Se abrió paso entre la gente con pasos rápidos, esquivando sin disculparse, hasta que llegó al frente. Me tomó del brazo y se inclinó hacia mi oído, su voz en un susurro urgente.
—Necesito hablar contigo. Ahora. No puedes casarte, Osiel.
Me giré hacia él, aturdido.
—¿Qué estás diciendo? ¿Qué pasa?
—Por favor. No aquí. Acompáñame afuera. Es serio —insistió, con la mirada enredada de preocupación.
La tensión se disparó como una corriente eléctrica. Miré a mi alrededor. El sacerdote esperaba. Los músicos sostenían sus instrumentos. Todos los ojos estaban sobre mí. Pero algo en el rostro de Lorenzo me congeló. Esa no era una advertencia cualquiera. Había algo más.
Asentí con un leve movimiento y caminé junto a él hacia una puerta lateral, sintiendo cómo cada paso alejaba los murmullos de la iglesia y acercaba un peso nuevo sobre mis hombros.
Ya afuera, en un pasillo vacío, el aire me pareció más respirable, pero no menos denso.
—¿Qué demonios pasa, Lorenzo? ¿Por qué no estás arreglado? —inquirí, frunciendo el ceño al notar su estado.
Vaciló. Se pasó una mano por el cabello, nervioso, los ojos esquivando los míos.

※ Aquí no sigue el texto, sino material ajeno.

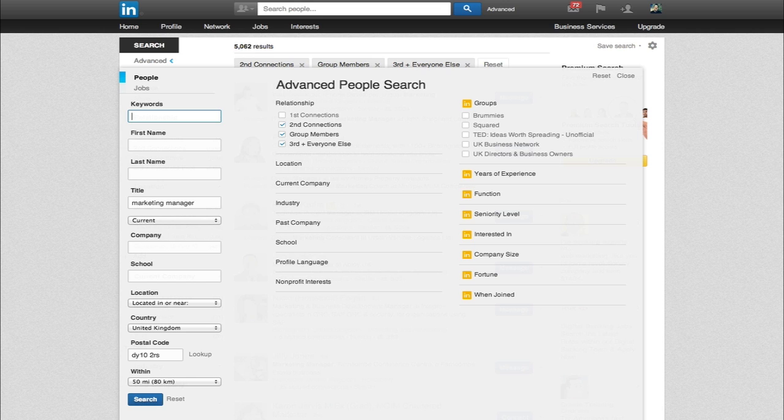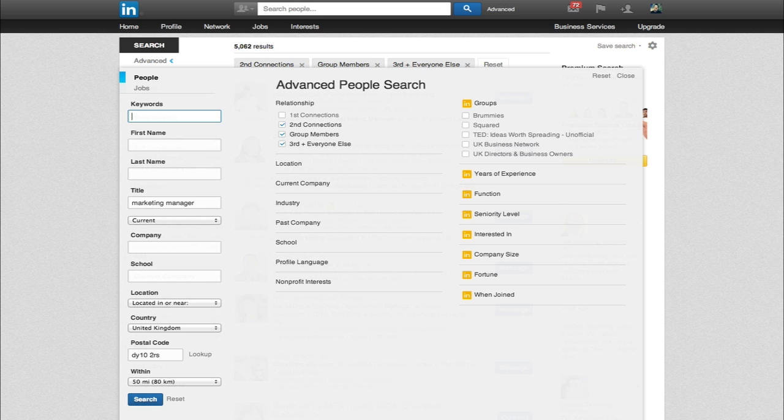Hopefully you found this lesson useful. I encourage you all to use the advanced search to find out how many prospects you can get your hands on. I would not advise using this particular way to generate leads until you have grown your network. Get a big, wide, diverse network of people because they will simply give you more access to the people that matter—the second-degree connections that we can target much more efficiently.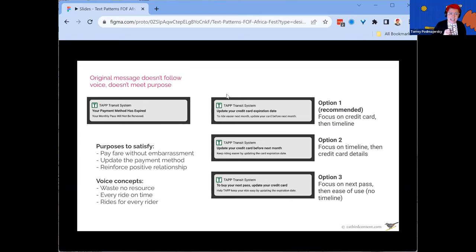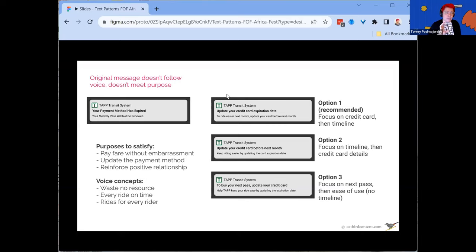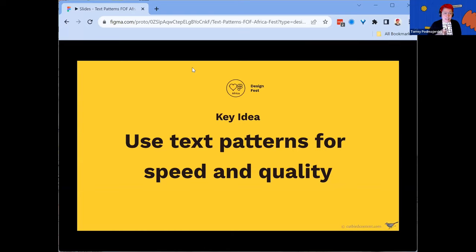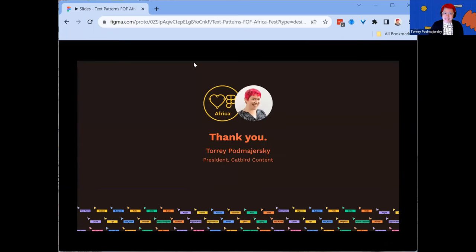We choose our best options and write them up, recommend one as the designer. For example: focusing on the credit card and timeline, 'Update your credit card expiration date' — notice this follows the verb-the-noun pattern. Or 'Update your card before next month.' Following the patterns also lets us articulate why we're choosing one over another and why we think it will work — all useful when presenting solutions to colleagues, PMs, and devs. The big idea: we use these text patterns for speed and for quality. That's why I recommend them. That's been the why, the what, and the how. Thank you so much for having me.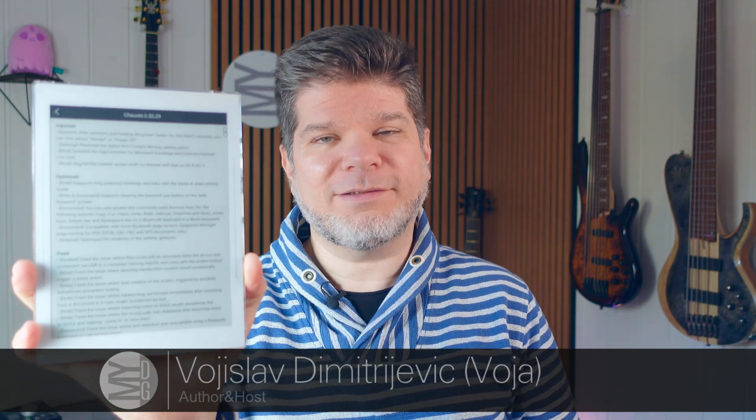Hello, my name is Voya and welcome to MyDeepGuide. In this video we are checking out the Supernote A6X2 and the latest update, which is update 3.20.29. Version 20 is the main subversion. This one brings a lot of fixes and some optimizations and improvements, so let's check it out.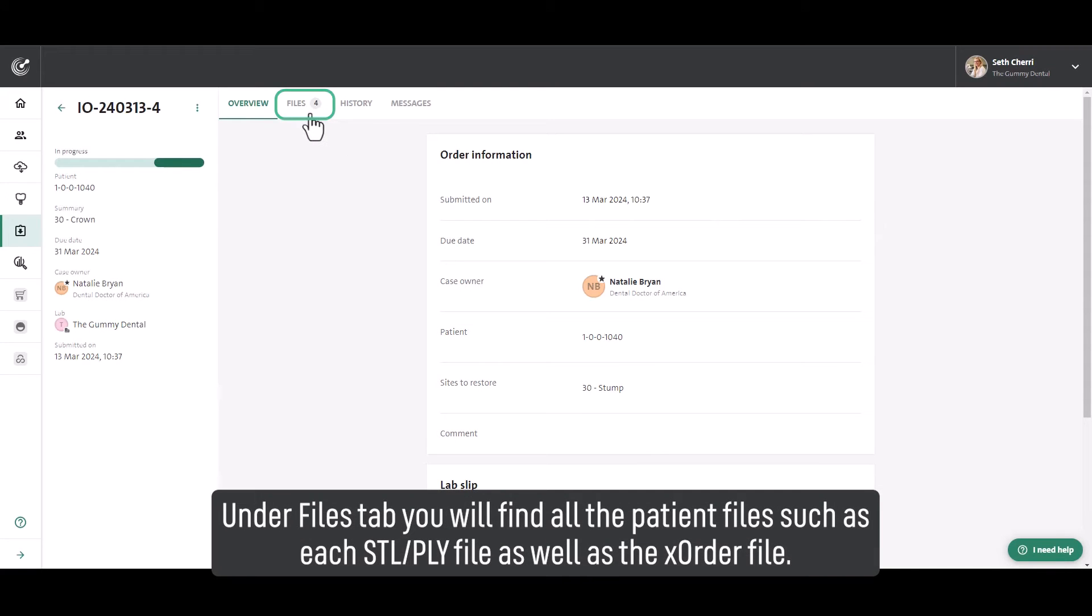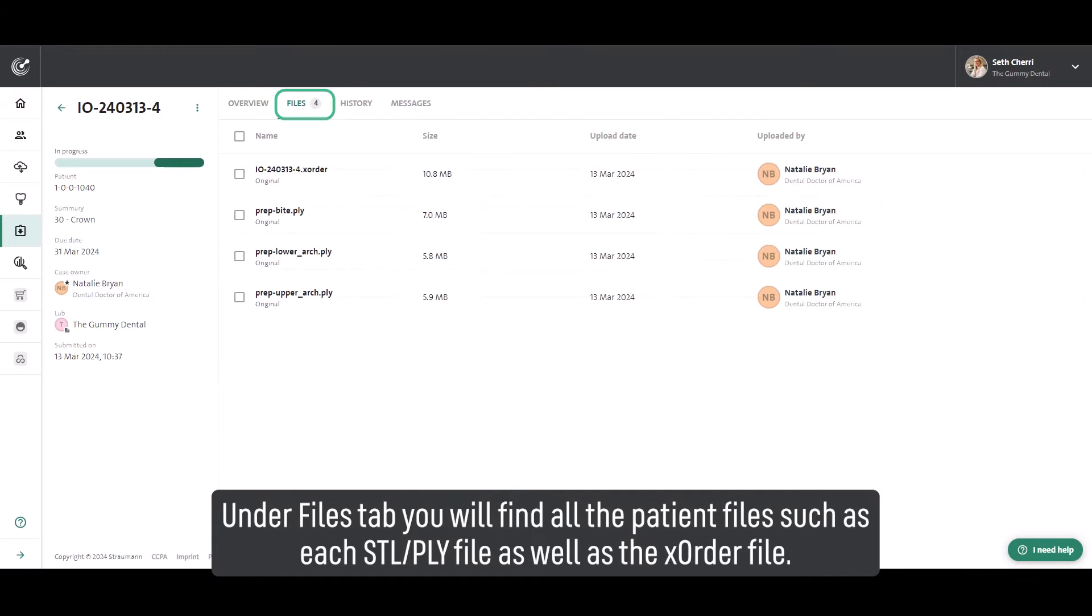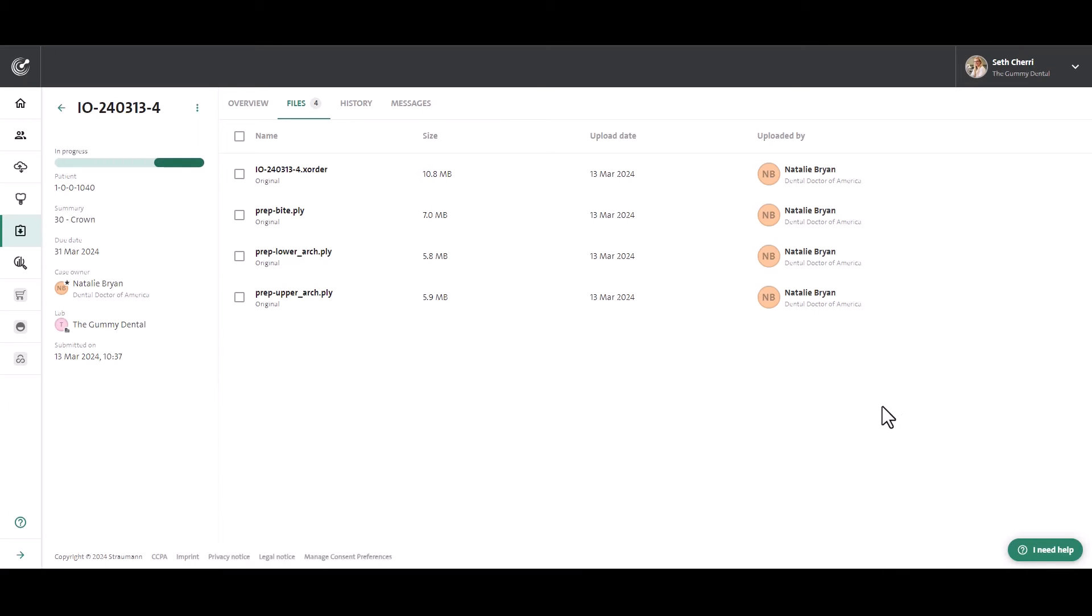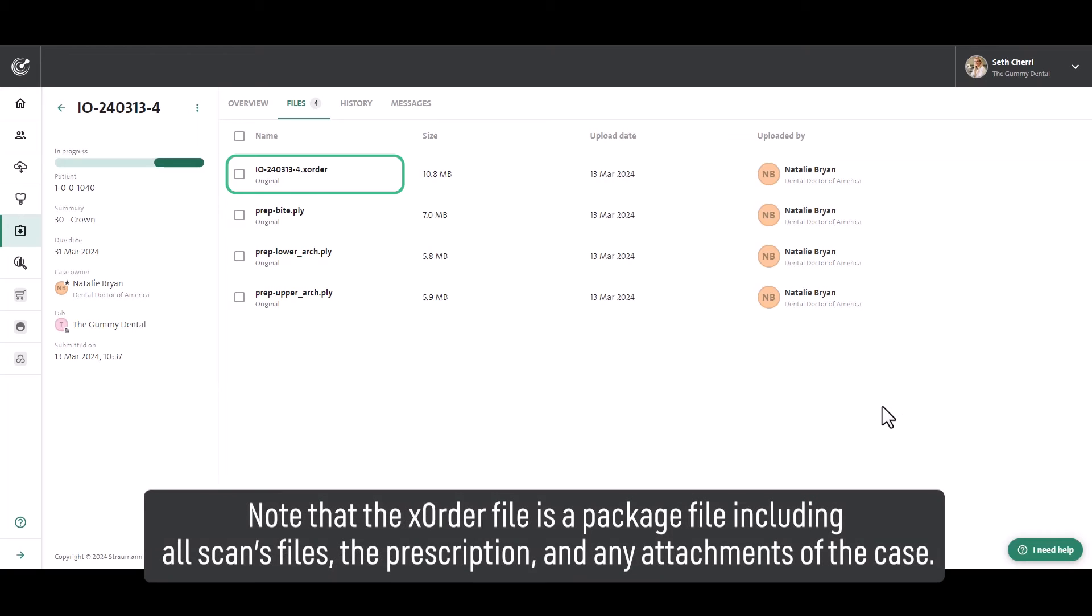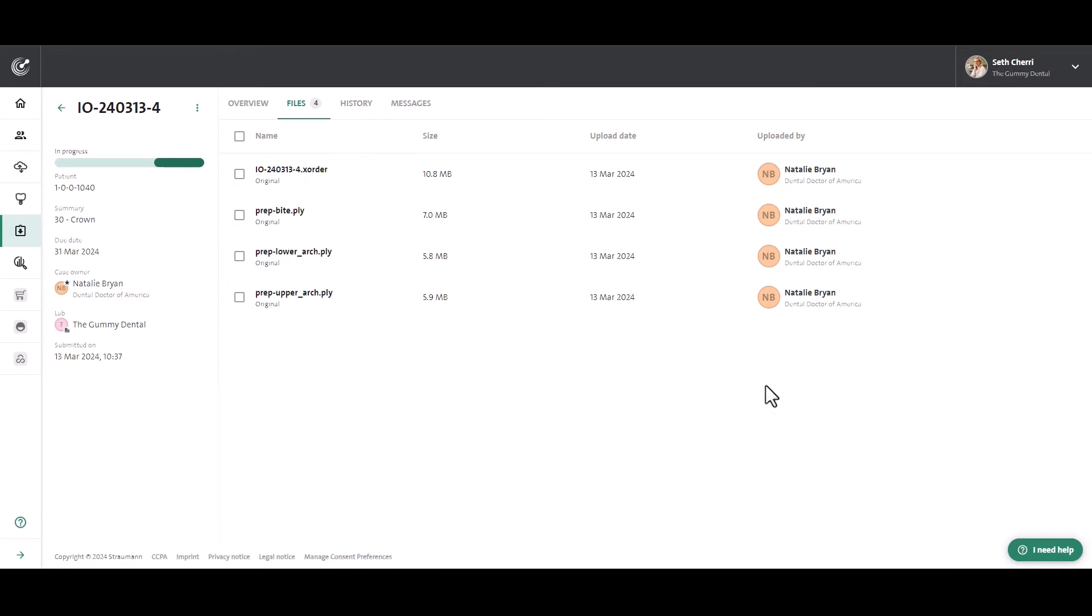Under Files tab, you will find all the patient files such as each STL PLY file as well as the XOrder file. Note that the XOrder file is a package file including all scan files, the prescription and any attachments of the case.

—Yo... no quise que fuera así. No lo planeé. Fue un error. Una maldita noche que nunca debió suceder, pero sucedió. Aquella noche... después del evento de tu empresa… tú y Janet discutieron, ella se fue sola. Estaba borracha. Yo también. Y… pasó.
Me quedé helado.
—¿Qué estás tratando de decirme?
—Que el hijo que espera Janet… no es tuyo.
Mi respiración se cortó. El mundo se volvió opaco, irreal, como si alguien hubiera apagado el sonido alrededor.
—¿Qué? —la palabra apenas salió, ronca, rota.